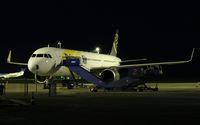 EI-LIA @ EGSH - Seen parked on stand at Norwich - by AirbusA320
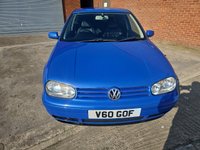 USED 2000 V VOLKSWAGEN GOLF 2.8 V6 VR6 Hatchback 3dr Petrol Manual 4MOTION (264 g/km, 204 bhp) Excellent condition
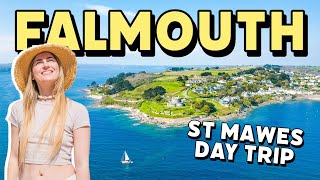 Falmouth Staycation & Ferry Trip to St Mawes (SO Beautiful!) Cornwall Travel Vlog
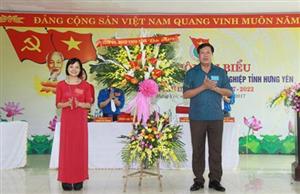 Đại hội đại biểu Đoàn TNCS Hồ Chí Minh khối Doanh nghiệp tỉnh, nhiệm kỳ 2017 - 2022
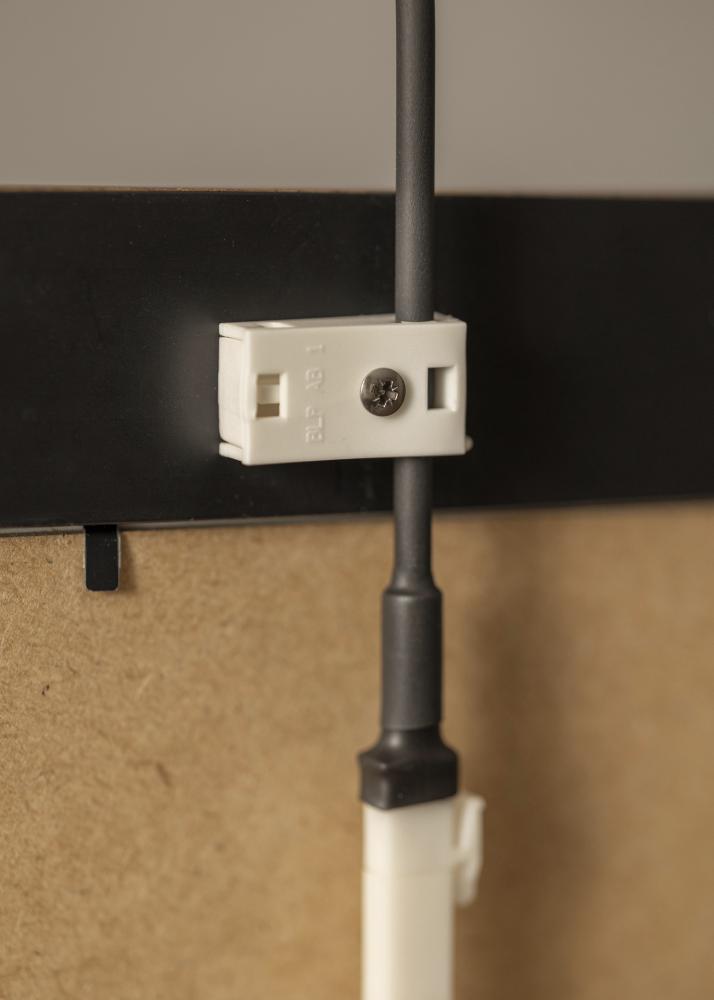 BLP 117 tavelbelysning 25 cm - Svart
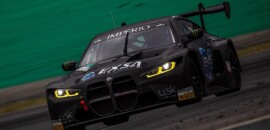 Leonardo Sanchez e Átila Abreu conquistam primeiro pódio da BMW M4 GT3 na Endurance Brasil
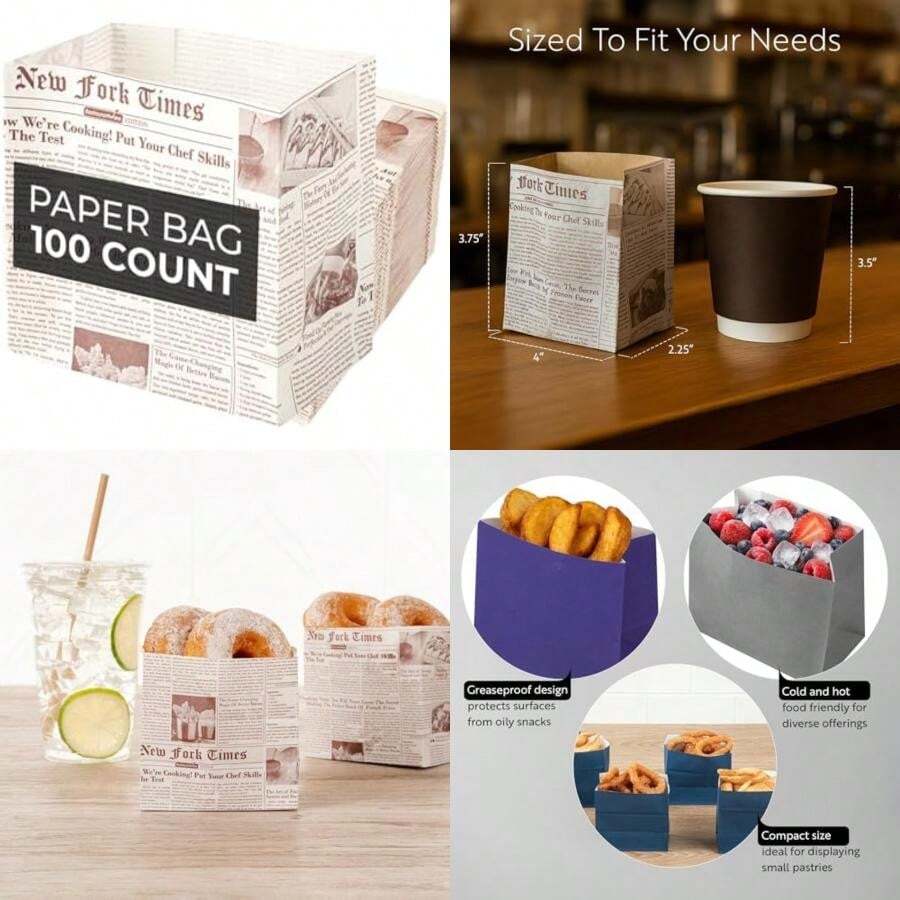 -Tapas solamente: tapas transparentes de 12.3 x 10 x 0.6 pulgadas para cajas bento paquete de 100 fundas desechables para contenedores – cajas bento se venden por separado, sellado(Sepia Kraft Pequeño) - Multicolor - Ver 1
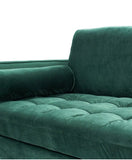 Ashfield Right Corner Sofa Bottle Green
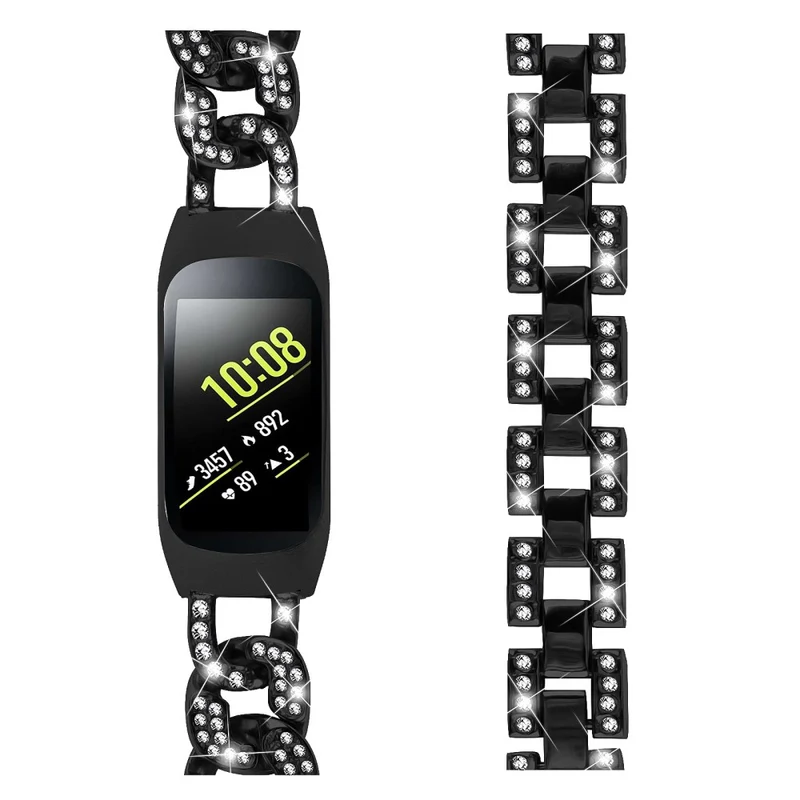 Samsung Galaxy Fit e rhinestone alloy strap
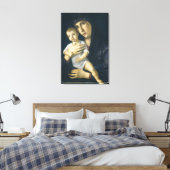 Madonna en Child by Giovanni Bellini Canvas Afdruk (Insitu (Slaapkamer))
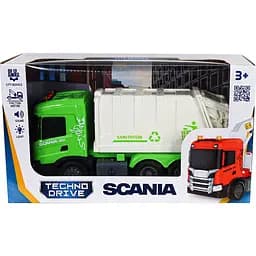 Автомодель TechnoDrive Big Truck Сміттєвоз Scania (6410KS) - мініатюра 9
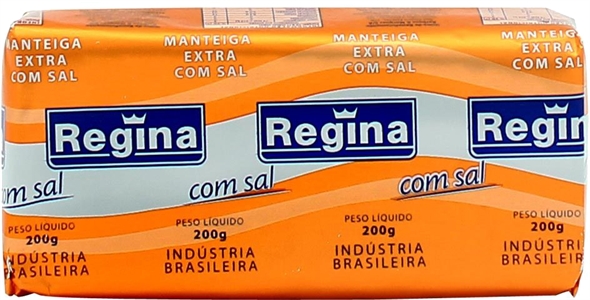 REGINA MANTEIGA EXTRA COM SAL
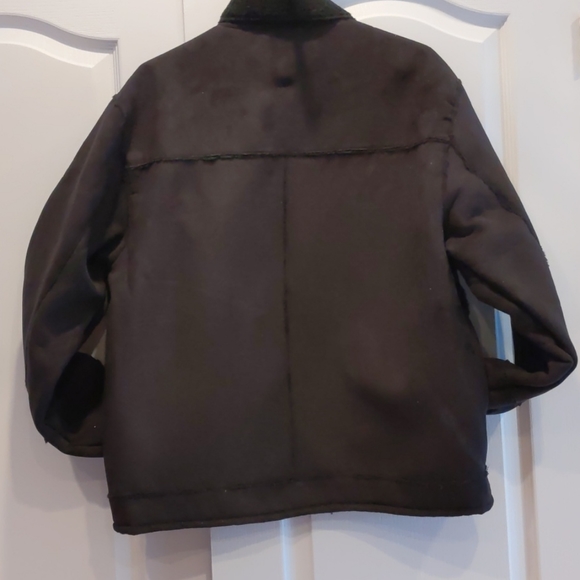 Men thick fleece winter jacket - Picture 2 of 8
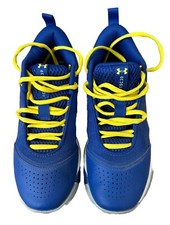 Size 5.5 GS - Under Armour SC 3ZER0 4 Low Royal
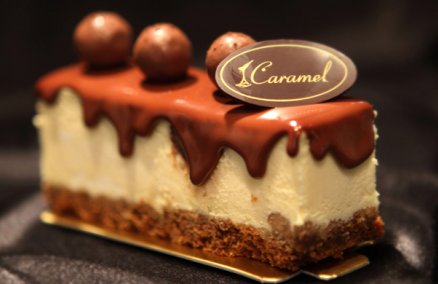 Maltesers cheesecake from 1-Caramel Dessert Boutique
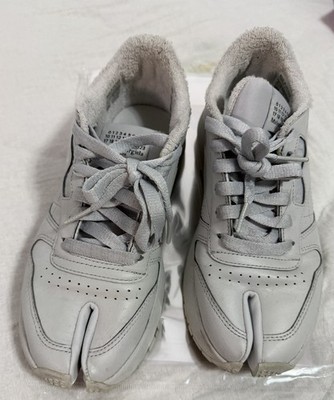 Maison Margiela x Reebok Classic Leather Tabi Gray Split-Toe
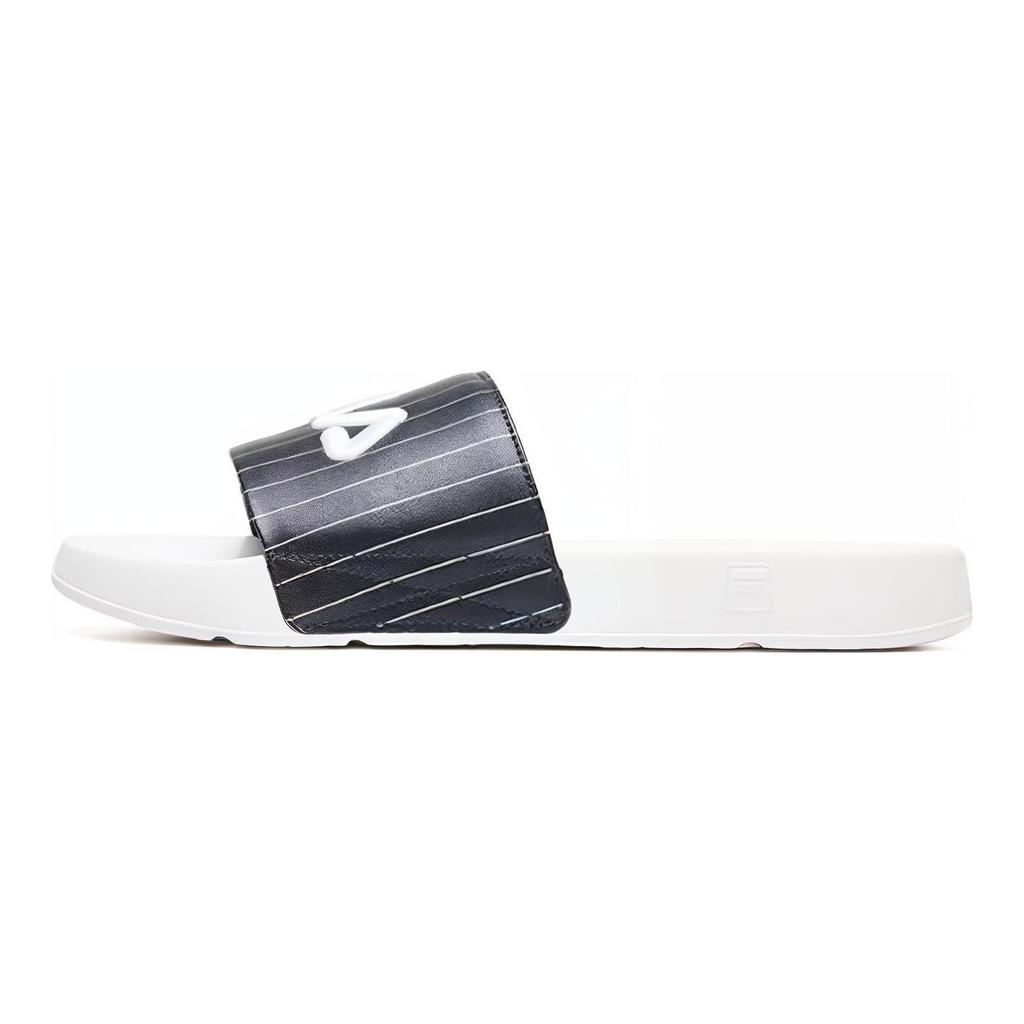 FILA Rubber Sole Slide Slippers Men's Blue White F12M024610FNW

++++++++++++++++++++

> _TASK DESCRIPTION_: Only the lines from the one containing "Ashfield Right Corner Sofa Bottle Green" to the end of the listing belong in the answer, exactly as they stand and with no pictures.

> _ANSWER TO THIS TASK_:
 Ashfield Right Corner Sofa Bottle Green
 Samsung Galaxy Fit e rhinestone alloy strap
 Madonna en Child by Giovanni Bellini Canvas Afdruk (Insitu (Slaapkamer))
 Автомодель TechnoDrive Big Truck Сміттєвоз Scania (6410KS) - мініатюра 9
 REGINA MANTEIGA EXTRA COM SAL
 Men thick fleece winter jacket - Picture 2 of 8
 Size 5.5 GS - Under Armour SC 3ZER0 4 Low Royal
 Maltesers cheesecake from 1-Caramel Dessert Boutique
 Maison Margiela x Reebok Classic Leather Tabi Gray Split-Toe
 FILA Rubber Sole Slide Slippers Men's Blue White F12M024610FNW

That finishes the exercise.